L'accord relatif aux Aspects sur la propriété intellectuelle liés au commerce (APDIC) a ouvert une voie royale au génie génétique. Suivant le mouvement impulsé par les États-Unis, le Parlement européen a donné son feu vert au brevetage des inventions biotechnologiques, concernant tant les plantes que les animaux.

En Suisse, un grand débat s'amorce autour de l'initiative pour la protection génétique, qui sera probablement votée au mois de juin. Celle-ci interdit précisément l'"octroi de brevets pour des animaux et des plantes génétiquement modifiées ou des parties de ces organismes, pour les procédés utilisés à cet effet, et pour les produits en résultant".
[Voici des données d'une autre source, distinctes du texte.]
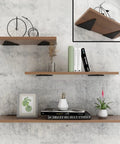 Heavy Duty Black Metal Floating Shelf Brackets Rock Solid Triangle Design Wall Mounted Corner Hardware Real Deal Steel Support For Diy Shelving Two Pack holding wooden shelves.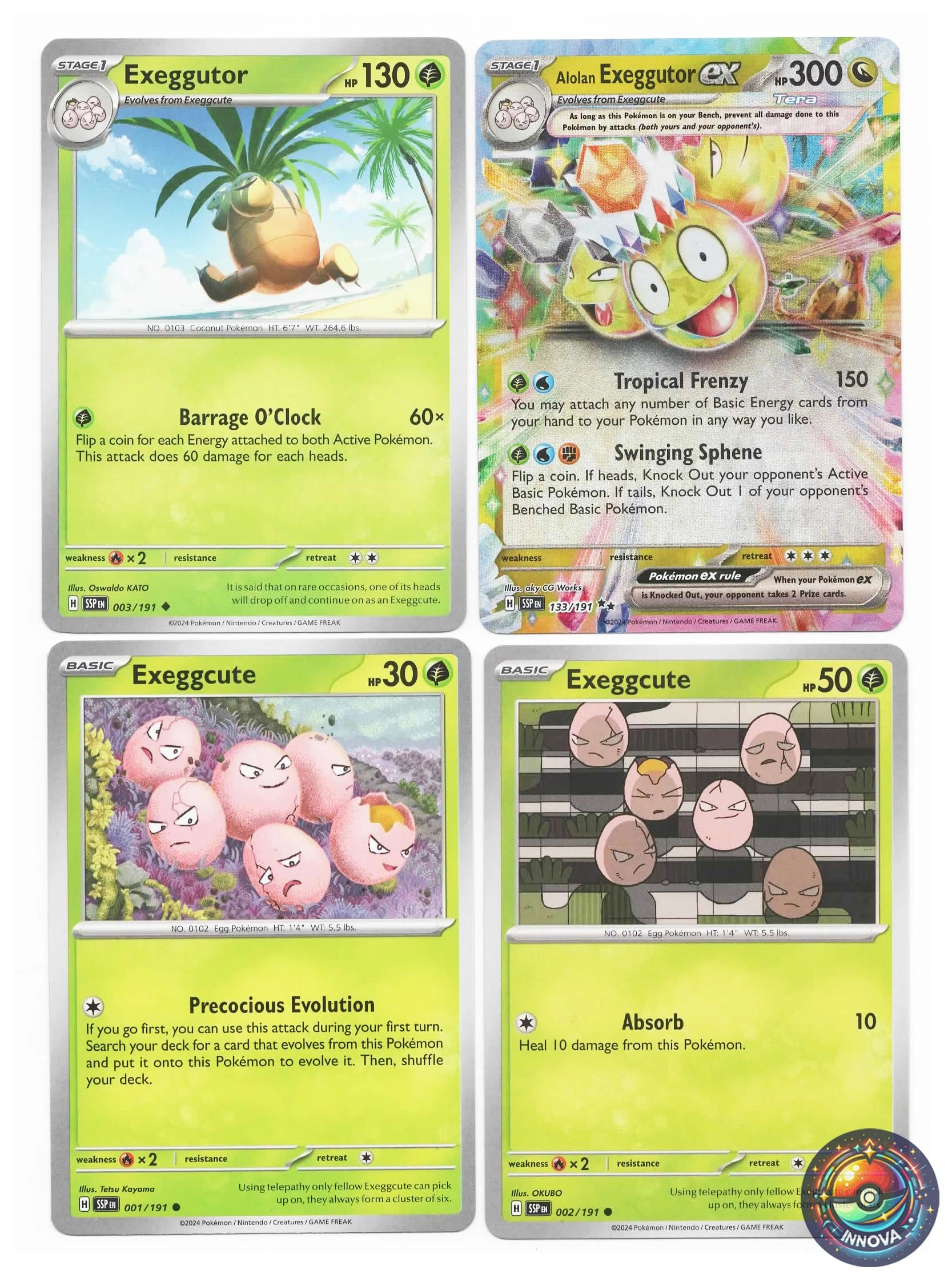 Pokémon Alolan Exeggutor ex 133/191 - Surging Sparks 4pcs
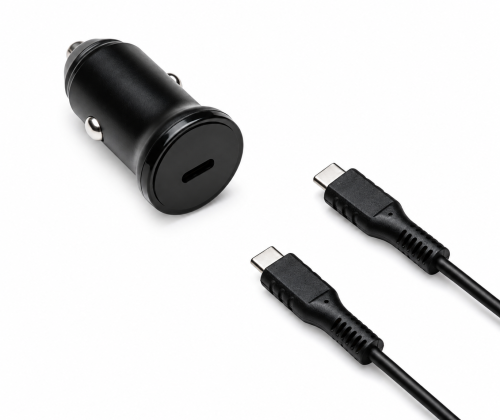 USB KFZ 20W C Schnellladegerät inkl. C Kabel, USB KFZ Lader, C auf C Ladekabel, schwarz, DINIC Box mit Euroloch, 1,50m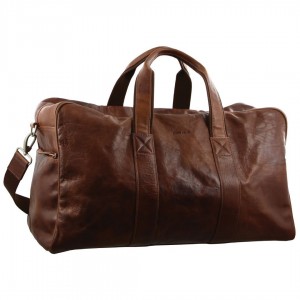 Brown Pierre Cardin Rustic Leather Business Overnight Bag | 6103-CYUQK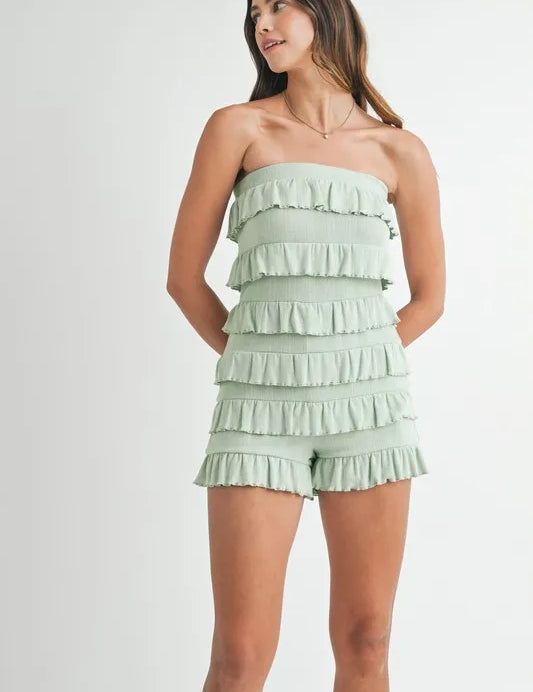 MABLE Pointelle Knit Fabric Ruffled Tube Romper | Rompers Daverri Fashions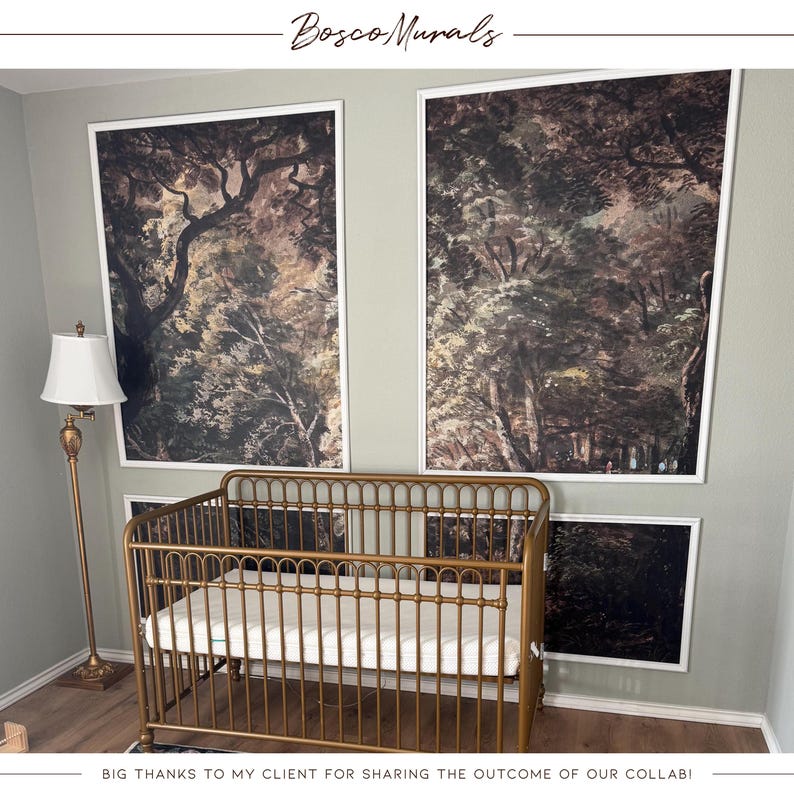 Dark forest removable wallpaper, Enchanted landscape, Watercolor painting with trees 78 image 10
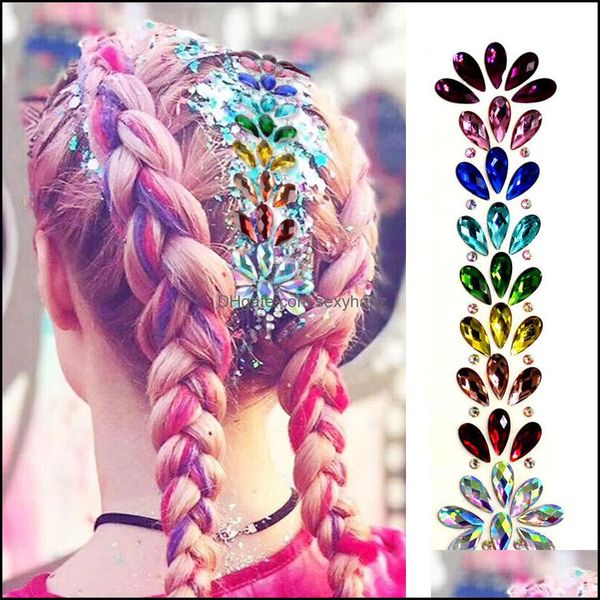 

eyebrow jewelry body s2599 diy fashion face shiny acrylic resin rhinestone diamond forehead stickers temporary tattoo party hair decorative, Silver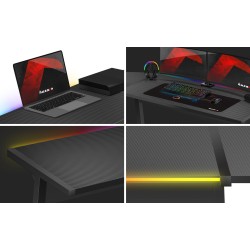 Biurko narożne gamingowe HUZARO Hero 6.0 RGB Smart Black 147 cm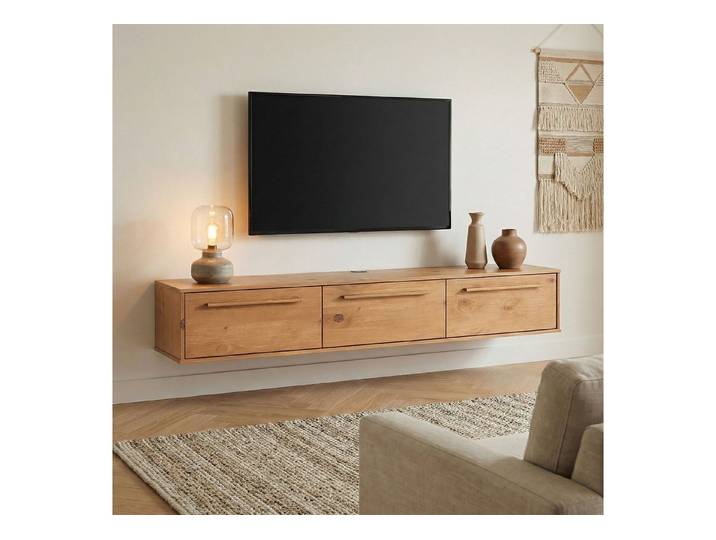 IDIMEX Lowboard TECCA, Hängekonsole mit 3 Klappen Massivholz Mid Century Stil eiche farben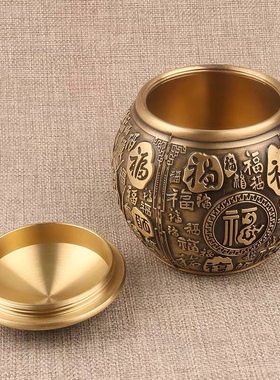 纯黄铜百福聚宝盆茶叶罐带盖米缸办公室书房小摆件装饰品开业礼品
Du point de vue de la compatibilité de l'ensemble du texte avec les dispositions de l'OMC, Urs Peter Muller, de l'Office fédéral vétérinaire, ne voit pas de problèmes majeurs. Si ce n'est peut-être la portée qu'on donne à l'interdiction sur la "dissémination d'organismes génétiquement modifiés (OGM) dans l'environnement".

Rappelons que le maïs et le soja transgéniques arrivent dans nos assiettes. Gérard Vuffray, de l'Union des producteurs suisses, n'hésite pas à y voir une "politique du fait accompli" qui a "court-circuité le débat démocratique". "Dans l'esprit des initiants, on devrait effectivement pouvoir refuser l'importation de tout aliment modifié génétiquement", estime Laurent Duvanel, attaché de presse du Comité en faveur de l'initiative.

Selon les principes de l'OMC, un État a loisir d'établir le niveau de ses normes sanitaires et environnementales. Pour autant que celles-ci puissent être justifiées d'un point de vue scientifique. C'est là que le bât blesse. Car tout État membre peut contester une norme nationale étrangère, en invoquant qu'elle masque une mesure protectionniste. Pêché capital dans le temple de l'OMC qui officie sous la religion du libre-échange.

Ainsi, si le peuple suisse bridait trop fortement le génie génétique en raison de normes éthiques ou même par choix de consommation, il s'exposerait aux foudres potentielles de l'OMC. Un État pourrait attaquer cette décision démocratique en invoquant qu'elle entraîne un effet discriminatoire non "scientifiquement" justifié sur le commerce.

Sans anticiper sur l'avenir, on peut d'ailleurs déjà envisager un cas de figure similaire avec l'obligation -actuellement en vigueur en Suisse- d'étiqueter les produits contenant des organismes génétiquement modifiés avec le sigle OGM. Les Etats-Unis se sont violemment élevés contre pareille mesure lorsque l'Union européenne a proposé de faire de même en juin dernier. L'Oncle Sam a menacé de porter la question devant l'OMC, estimant que le surcoût entraîné par l'étiquetage obligatoire des produits modifiés n'a aucune justification sur le plan sanitaire ou environnemental.